*RECORDS SHOWN:*
..............................

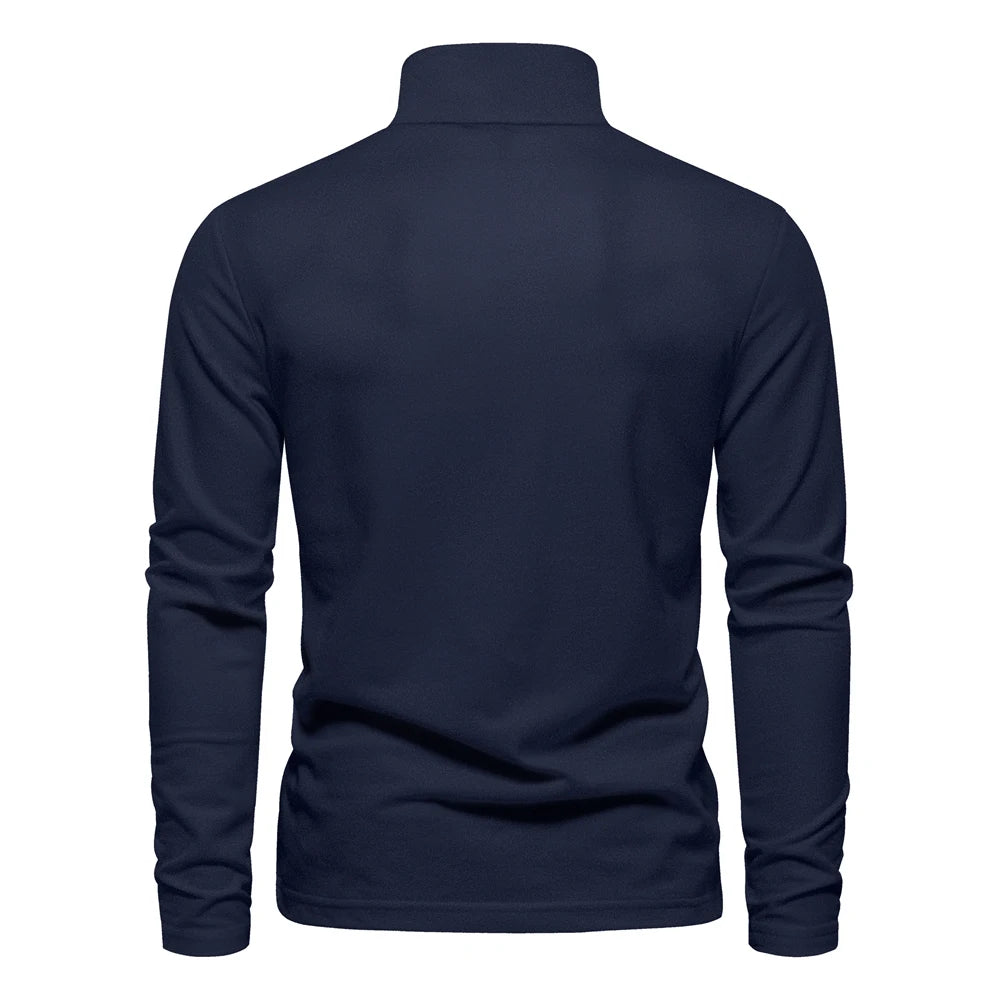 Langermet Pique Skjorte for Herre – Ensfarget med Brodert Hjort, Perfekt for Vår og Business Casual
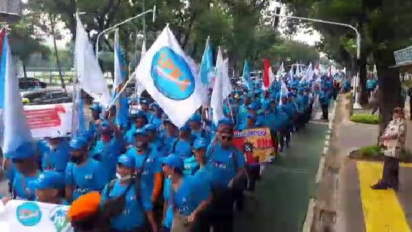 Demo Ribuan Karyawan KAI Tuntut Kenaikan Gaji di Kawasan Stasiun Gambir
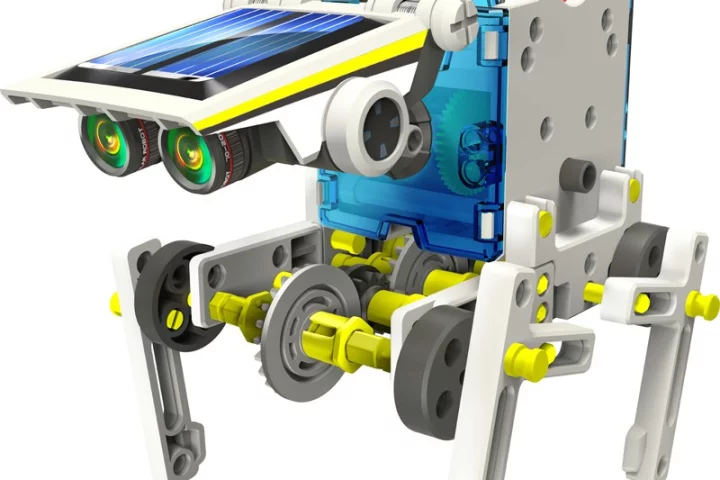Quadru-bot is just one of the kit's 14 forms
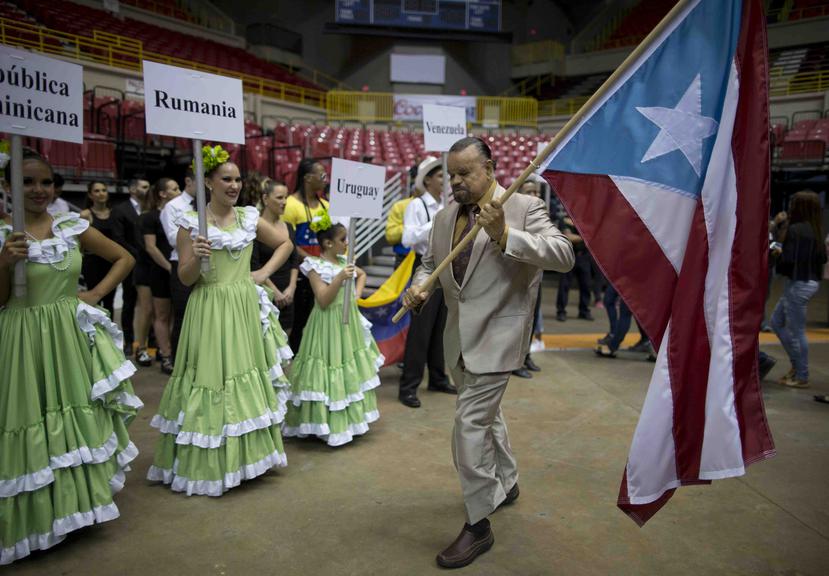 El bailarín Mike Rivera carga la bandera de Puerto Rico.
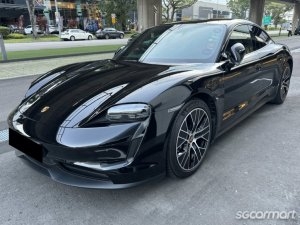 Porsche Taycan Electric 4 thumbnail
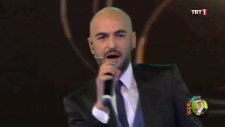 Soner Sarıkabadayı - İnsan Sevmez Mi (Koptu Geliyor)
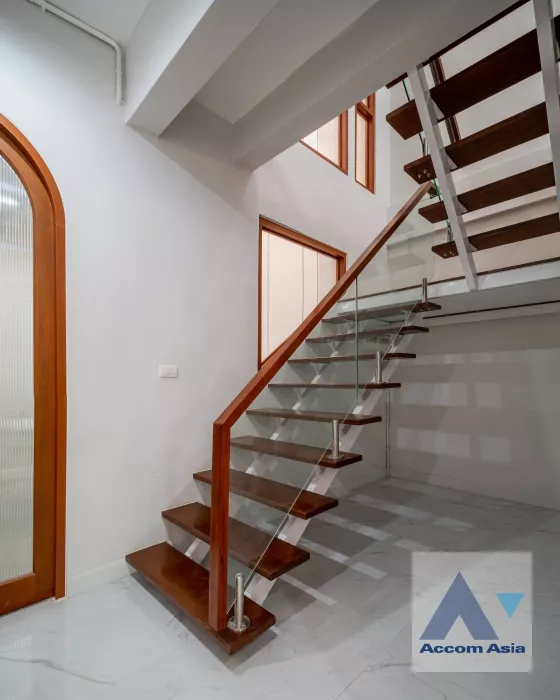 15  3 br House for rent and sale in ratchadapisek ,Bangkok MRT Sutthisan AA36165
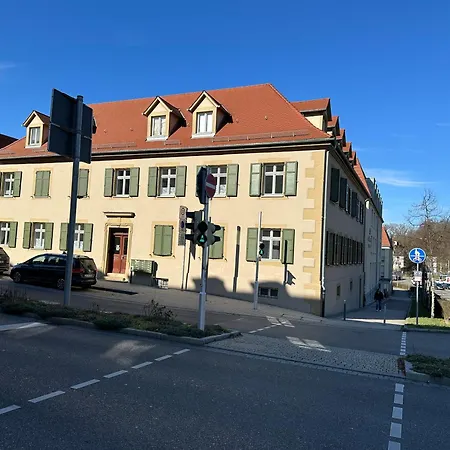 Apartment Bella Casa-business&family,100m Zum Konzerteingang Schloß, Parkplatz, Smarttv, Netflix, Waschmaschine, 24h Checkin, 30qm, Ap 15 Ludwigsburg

..............................

Before writing out the material above, please remove its pictures; everything else stays exact.

*TASK OUTPUT:*
 Langermet Pique Skjorte for Herre – Ensfarget med Brodert Hjort, Perfekt for Vår og Business Casual
 Demo Ribuan Karyawan KAI Tuntut Kenaikan Gaji di Kawasan Stasiun Gambir
Quadru-bot is just one of the kit's 14 forms
 El bailarín Mike Rivera carga la bandera de Puerto Rico.
 Porsche Taycan Electric 4 thumbnail
 Soner Sarıkabadayı - İnsan Sevmez Mi (Koptu Geliyor)
 15  3 br House for rent and sale in ratchadapisek ,Bangkok MRT Sutthisan AA36165
 Apartment Bella Casa-business&family,100m Zum Konzerteingang Schloß, Parkplatz, Smarttv, Netflix, Waschmaschine, 24h Checkin, 30qm, Ap 15 Ludwigsburg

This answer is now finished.